In [46]:
import csv
import numpy as np 
import pandas as pd 
import random
import matplotlib.pyplot as plt
# sklearn modules
from sklearn import preprocessing
from sklearn.model_selection import train_test_split
from sklearn.model_selection import ShuffleSplit
from sklearn.decomposition import PCA
from sklearn.svm import SVR
# Metric mean squared error, the lower the better
from sklearn.metrics import mean_squared_error

def read_csv(csv_file):
    '''Returns numpy array and panda version of the file'''
    csv_file = csv_file +".csv"
    df = pd.DataFrame()
    df = df.from_csv(csv_file, header=0, sep=',', index_col=0)
#n=df.shape[0] # number of samples
#d=df.shape[1] # number of features
    array = np.asarray(df,dtype="|S6")
    if np.shape(array)[1] == 1:
        array = array.ravel()
    return array, df

def publish_pred(y_pred, file_name):
    df = pd.DataFrame()
    df = df.from_csv("reg_sample_submission.csv", header=0, sep=',', index_col=0)
    df["Output"] = list(y_pred)
    df.to_csv(file_name)

tr_in, df_in = read_csv("reg_train_in")
tr_in = np.asarray(tr_in,dtype="float64")
tr_out, df_out = read_csv("reg_train_out")
tr_out = np.asarray(tr_out,dtype="float64")
te_in, df = read_csv("reg_test_in") # Still have to deal with NaNs best

# Cleanning data

In [2]:
tr_mean = tr_in.mean(axis=0)
tr_std = tr_in.std(axis=0)
tr_in_scaled = preprocessing.scale(tr_in)  # Clean (mean 0, variance 1) data-set

# Split data: train & test (5-fold cv)

In [3]:
cv = ShuffleSplit(n_splits=1,  test_size=0.20, random_state=random.randint(0,20), train_size=None) # 10_splits
for train_index, test_index in cv.split(tr_in_scaled):
    print("TRAIN:", len(list(train_index)), "TEST:", len(test_index))

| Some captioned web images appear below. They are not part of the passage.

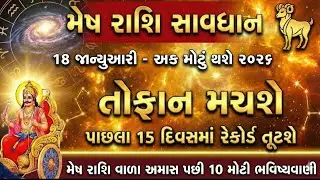 મેષ રાશિવાળા સાવધાન! || અમાસ પછી થશે 10 મોટી ભવિષ્યવાણી ||  Mesh Rashi Bhavishyvani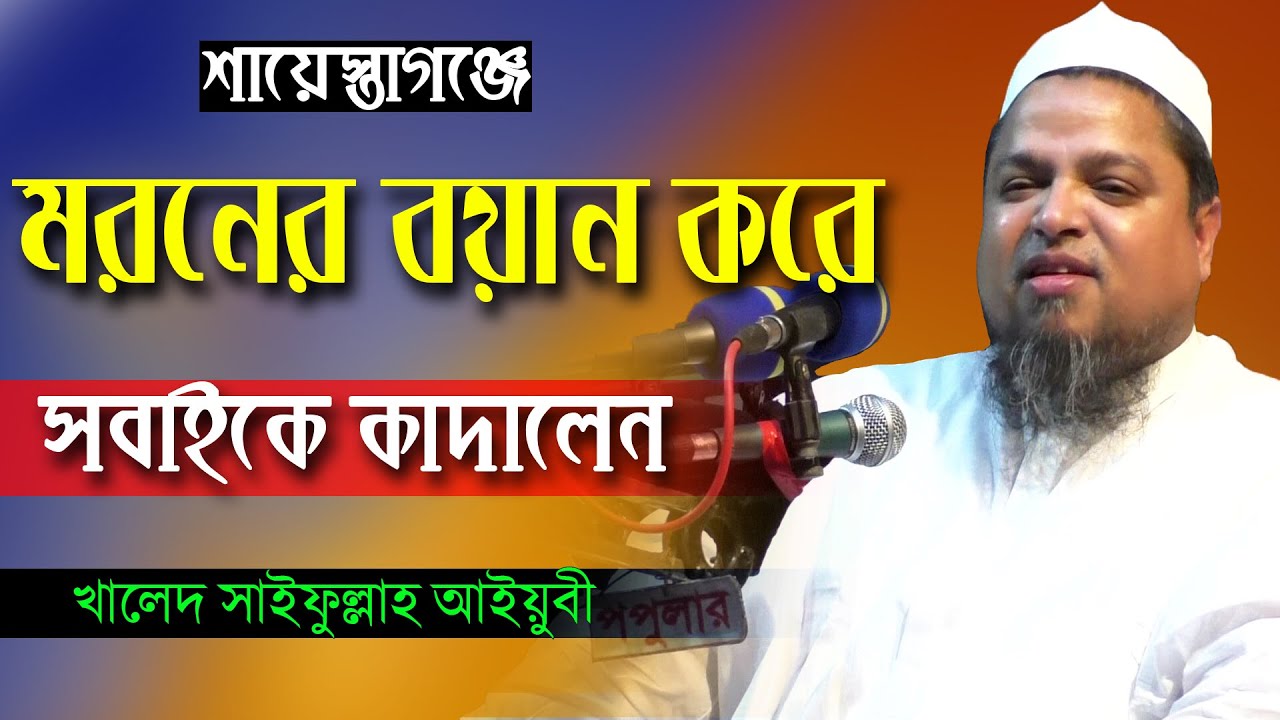 শাস্তাগঞ্জে মরনের বয়ান করে সবাইকে কাদালেন খালেদ সাইফুল্লাহ আইয়ুবী | Allama Khaled Saifullah Aiyubi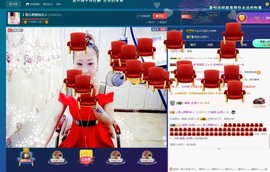 🎵雪儿想要快乐🎵主播照片
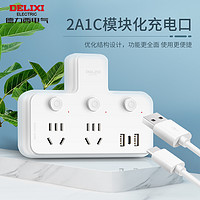 88VIP：DELIXI 德力西 一转三插座转换器插板分控15孔接线板品字型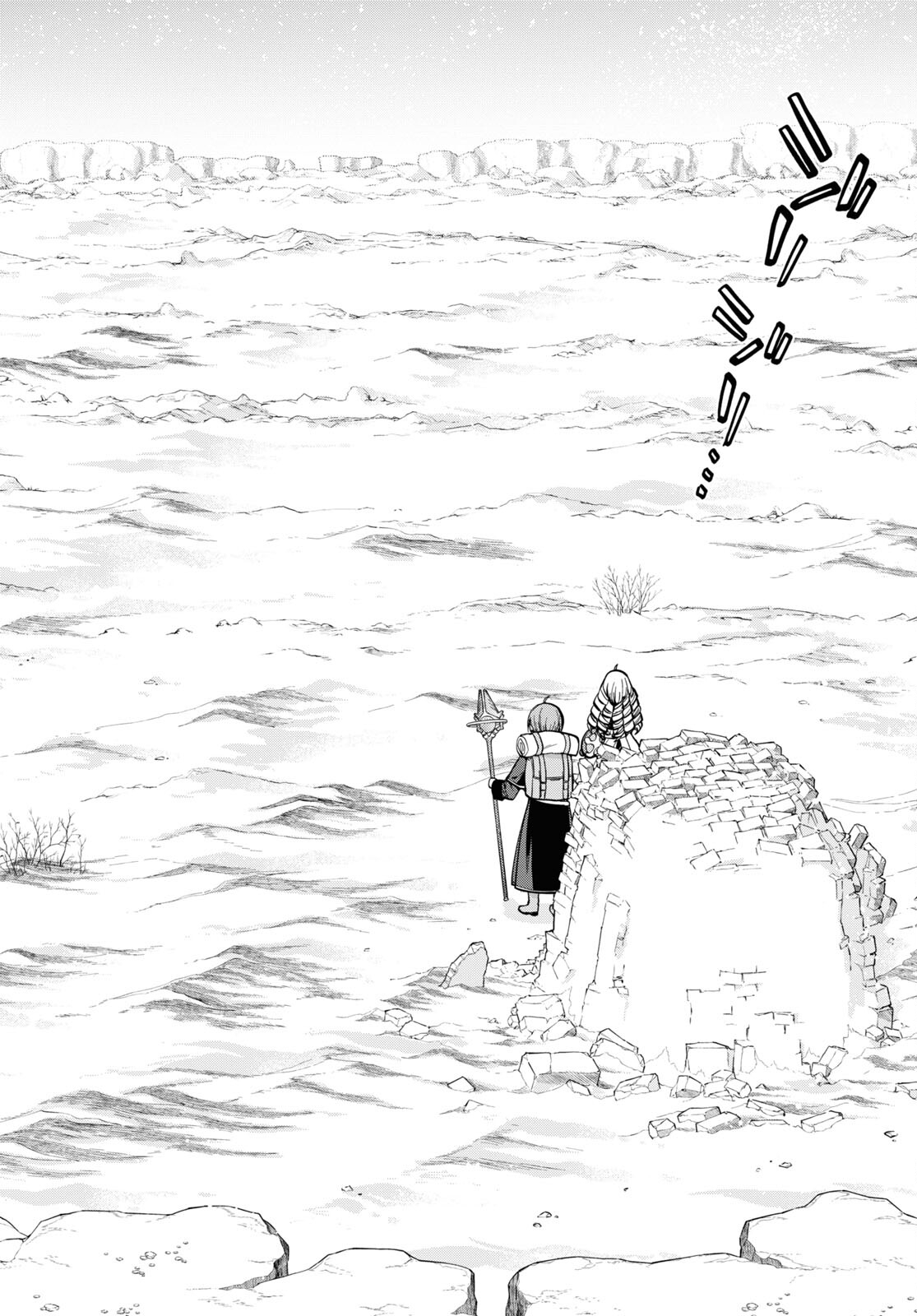 Mushoku Tensei: Isekai Ittara Honki Dasu Chap 99 - Next Chap 100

('TRAIN:', 27360, 'TEST:', 6840)


In [4]:
X_train = tr_in_scaled[train_index]
y_train = tr_out[train_index]
X_test = tr_in_scaled[test_index]
y_test = tr_out[test_index]
np.shape(y_test)

(6840,)

# Dimensionality reduction: 4-comp PCA

In [5]:
pca = PCA(n_components=4)
pca.fit(X_train)
print "Variance taken by each of the principal components", pca.explained_variance_ratio_
X_tr_pca = pca.transform(X_train)
X_test_pca = pca.transform(X_test)

Variance taken by each of the principal components [ 0.76477684  0.07234427  0.07163393  0.07100756]


# Exp 1: lasso

# Exp 2: SVR linear


In [96]:
from sklearn.svm import SVR
regression = SVR(kernel='linear')
regression.fit(X_tr_pca, y_train)

SVR(C=1.0, cache_size=200, coef0=0.0, degree=3, epsilon=0.1, gamma='auto',
  kernel='linear', max_iter=-1, shrinking=True, tol=0.001, verbose=False)

In [97]:
y_pred = regression.predict(X_test_pca)
score = mean_squared_error(y_test, y_pred)
print score

0.968108147417


# Exp 3: SVR rbf

In [69]:
from sklearn.svm import SVR
regression = SVR(kernel='rbf')
regression.fit(X_tr_pca, y_train)
y_pred = regression.predict(X_test_pca)
score = mean_squared_error(y_test, y_pred)
print score

0.468455379458


# Cross-validation function

In [94]:
def cross_validation(tr_in, tr_out, regression_type, test_percent, folds):
    cv = ShuffleSplit(n_splits=folds,  test_size=test_percent, random_state=random.randint(0,20), train_size=None)
    scores = [50]
    for train_index, test_index in cv.split(X):
        X_train = tr_in_scaled[train_index]
        y_train = tr_out[train_index]
        X_test = tr_in_scaled[test_index]
        y_test = tr_out[test_index]
        pca = PCA(n_components=4)
        pca.fit(X_train)
        X_tr_pca = pca.transform(X_train)
        X_test_pca = pca.transform(X_test)
        regression_type.fit(X_tr_pca, y_train)
        y_pred = regression_type.predict(X_test_pca)
        score = mean_squared_error(y_test, y_pred)
        print score
        if score < min(scores+[50]):
            regression = regression_type
            best_score = score
        scores.append(score)
    results = [np.mean(scores), regression, best_score]
    return results

In [81]:
regression = SVR(kernel='linear')
cross_validation(tr_in, tr_out, regression, 0.2, 5)

0.967134987146
0.983332714343
0.982830039698
0.980513834457
0.958039434238


In [29]:
mean_tr = np.mean(tr_in,axis = 0)
std_tr = np.std(tr_in,axis = 0)

In [40]:
df = pd.DataFrame()
df = df.from_csv("reg_test_gp.csv", header=None, sep=',', index_col=None)
te_gp= np.asarray(df,dtype="float64")
X_test = np.divide(np.add(te_gp,-mean_tr),std_tr)

pca = PCA(n_components=4)
pca.fit(tr_in)
Z = pca.transform(tr_in)
Z_test = pca.transform(X_test)



In [41]:
from sklearn.svm import SVR
regression = SVR(kernel='rbf')
regression.fit(Z, tr_out)
y_pred = regression.predict(Z_test)

publish_pred(y_pred, "reg_pre")

SyntaxError: invalid syntax (<ipython-input-45-edd6c92da89f>, line 1)

In [30]:
np.shape(mean_tr)

(14,)